On retrouve aussi tout le cahier des charges du genre, bien tartiné en long et en large de la tranche de pain. On n’évite aucun écueil, du détective privé porté sur la boisson à la chanteuse de jazz sous l’emprise d’un gangster, du maire corrompu jusqu’à l’os au gamin de la rue, tout y passe et tant pis pour la subtilité, tant qu’on touche le plus grand nombre. Car oui, Spider-Noir vise un public large, de l’érudit des aventures de son héros préféré au néophyte. Le côté alternatif permet une grande liberté et le second ne sera pas perdu dans l’immense toile narrative des comics quand le premier acceptera plus facilement de s’assoir sur l’historique.
Jonglant entre le polar et le fantastique avec quelques petites touches d’humour, la série parvient à maintenir en haleine grâce à un rythme rondement mené, passant de scènes de dialogues à de la baston avec une alternance bien maitrisée. Le tout sur huit épisodes d’une durée approximative de 40 minutes, ce qui laisse peu de temps à l’ennui, un bon point. Ère du streaming et de l’attention volatile obligent, la narration n’hésite pas à faire des rappels dans tous les sens pour garder le fil de l’histoire à portée de main.

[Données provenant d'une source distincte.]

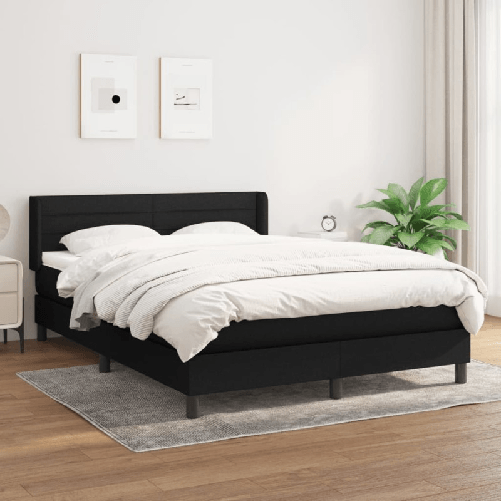VidaXL Giroletto a Molle con Materasso Nero 140x190 cm in Tessuto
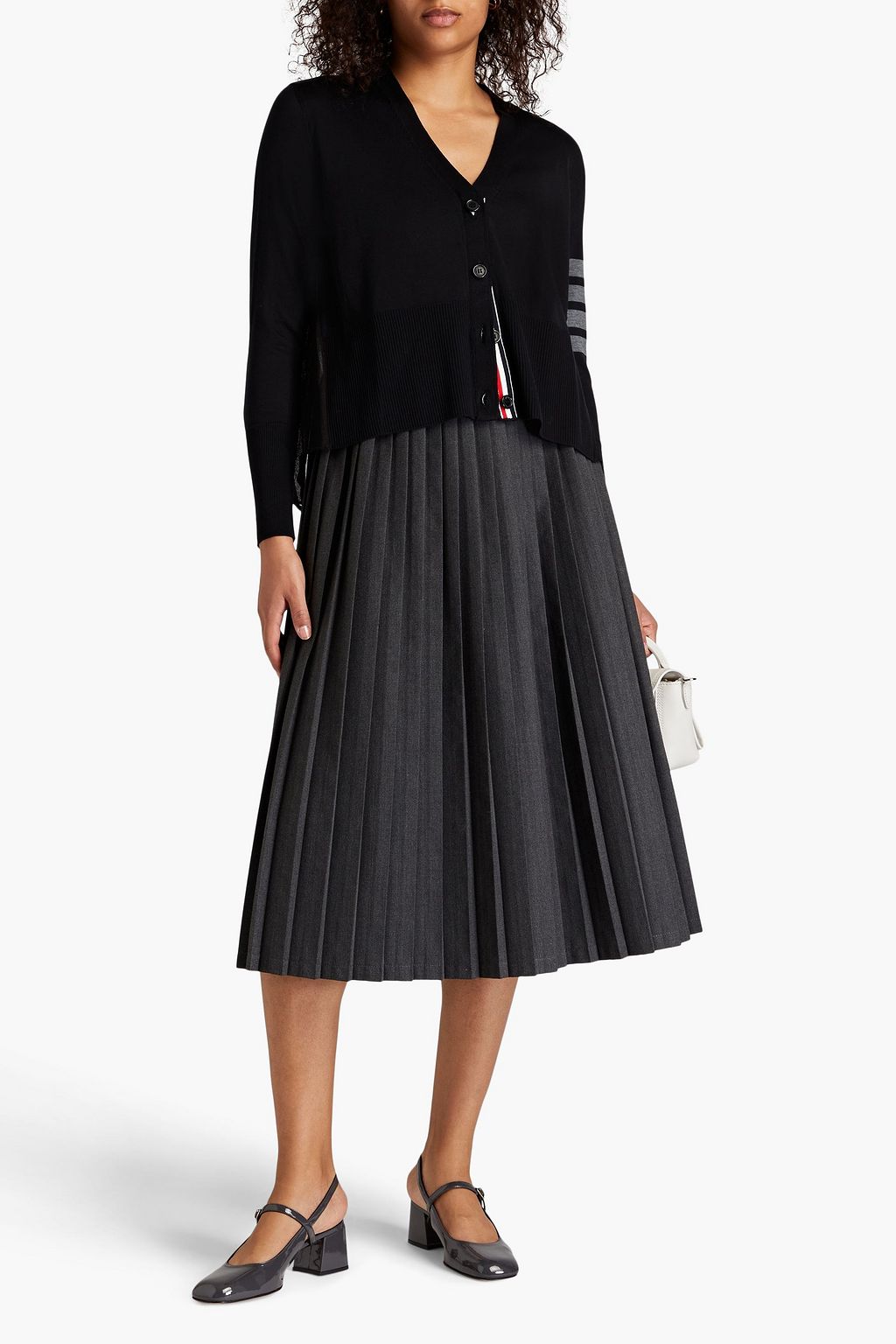 THOM BROWNE Pleated striped silk-blend cardigan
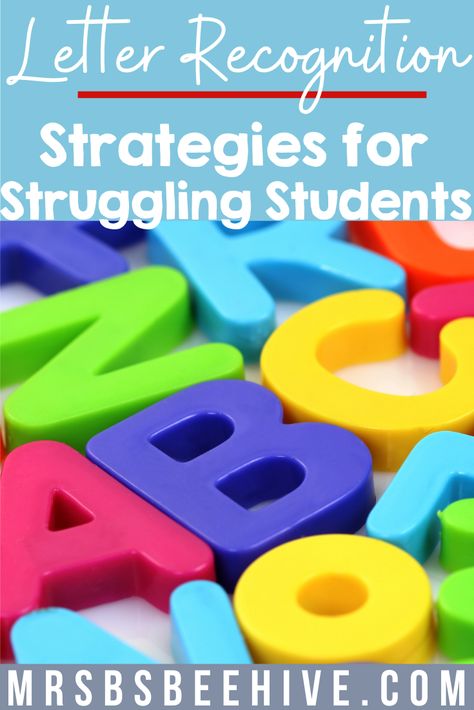 Do you have students who are struggling to retain letter names and sounds? Check out these letter recognition strategies that will help your kindergarten students master the alphabet! Letter Sound And Recognition Activities, Learning How To Write Name Preschool, Learning Letter Recognition, Letter Sounds And Recognition Activities, Uppercase Letter Recognition Activities, Letter Intervention Preschool, Learn Letter Sounds, Letter Recognition Intervention Kindergarten, At Home Letter Recognition Activities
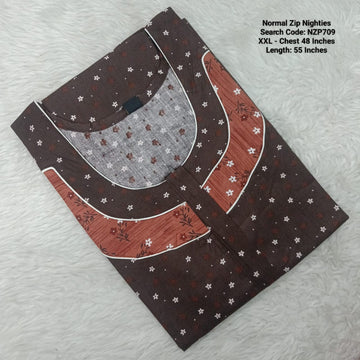 Brown Cotton Nila Normal Zip Nighties - NZP709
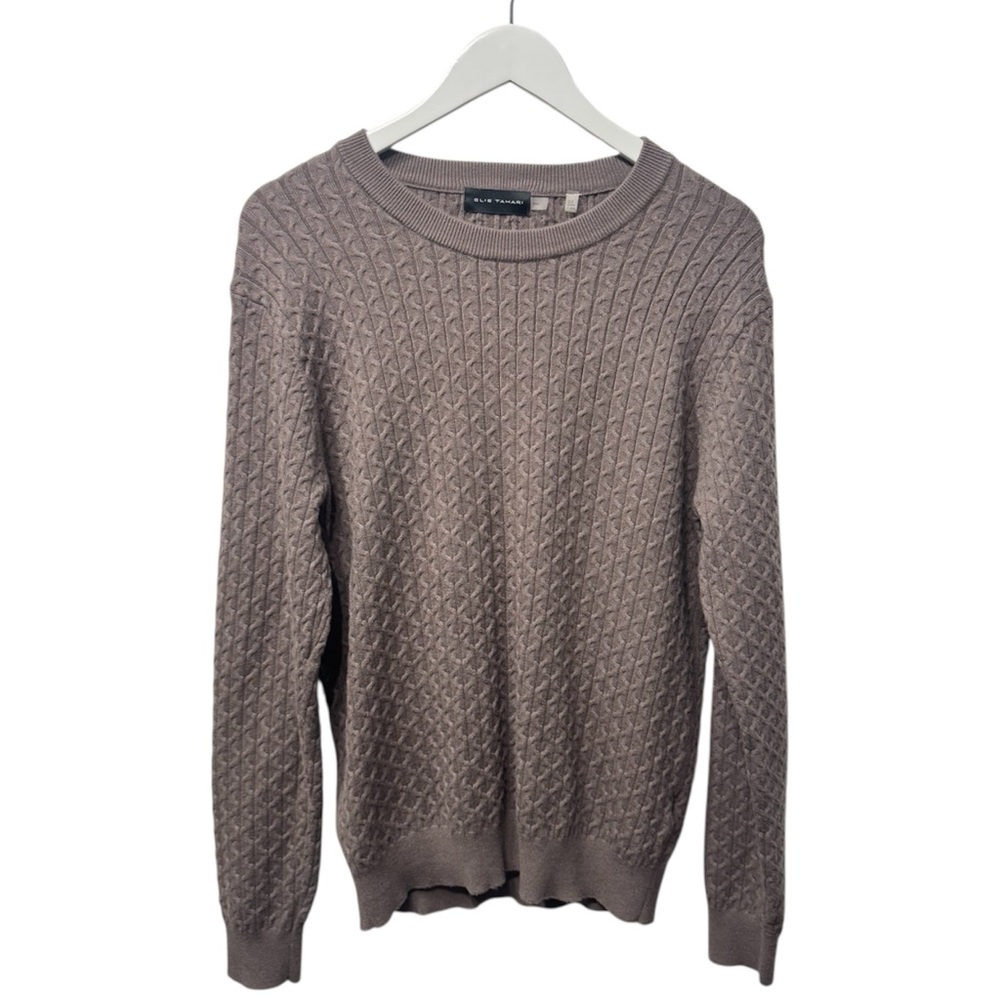 Elie Tahari Cable Knit Sweater | Taupe Gray | Size Small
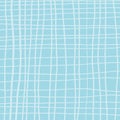 Blue crossed lines grid mesh pastel vector pattern. Hand drawn doodle squared pattern. Gender neutral cute plaid design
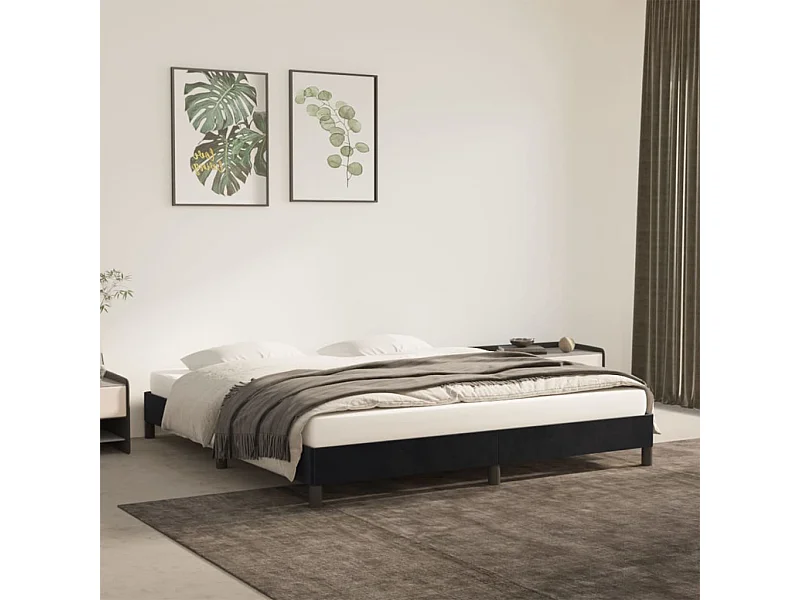 Lit double | Lit adulte | Cadre de lit noir 160x200 cm velours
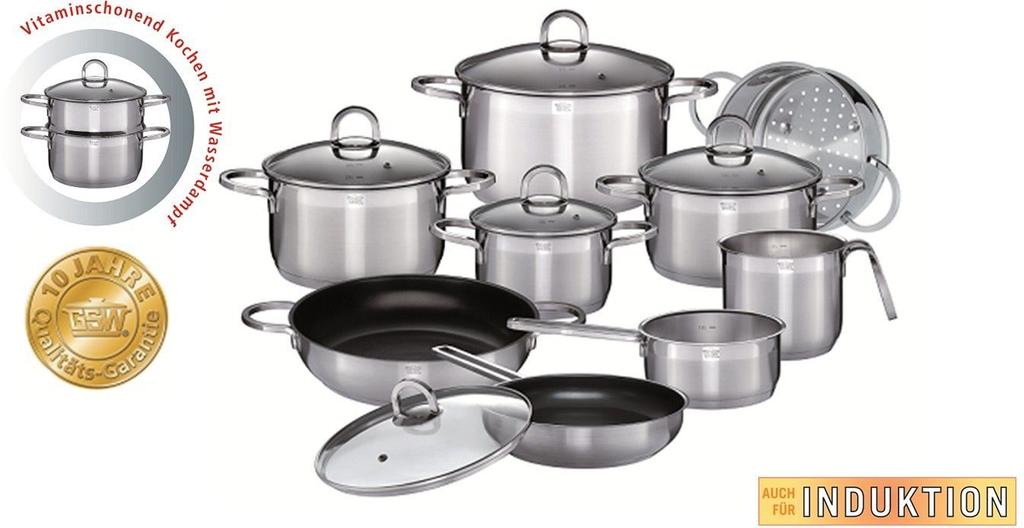 Batterie de cuisine - Induction - GSW - ALARA - Acier inoxydable massif 18/10 - 14 pièces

Spider-Noir s’appuie également sur un casting convaincant, de Cage dans ce double-rôle déroutant de détective/super-héros un peu rincé à ses sympathiques partenaires Lamone Morris et Karen Rodriguez pour la partie buddy journaliste et secrétaire dévouée, en passant par le toujours excellent Brendan Gleeson en méchant bourru. Chacun joue sa partition avec un certain plaisir et on s’attache assez facilement à tout ce beau monde.
Sans être une claque d’originalité scénaristique, la série réussit son pari de transposition du grand au petit écran, et demeure un divertissement de bon acabit qui devrait ouvrir la voie à des petits frères du même style dans très peu de temps. D’ailleurs, est-ce qu’il y aura une saison 2 des aventures de Ben Reilly, ou est-ce que l’on partira sur une déclinaison similaire avec un autre superhéros ? A voir.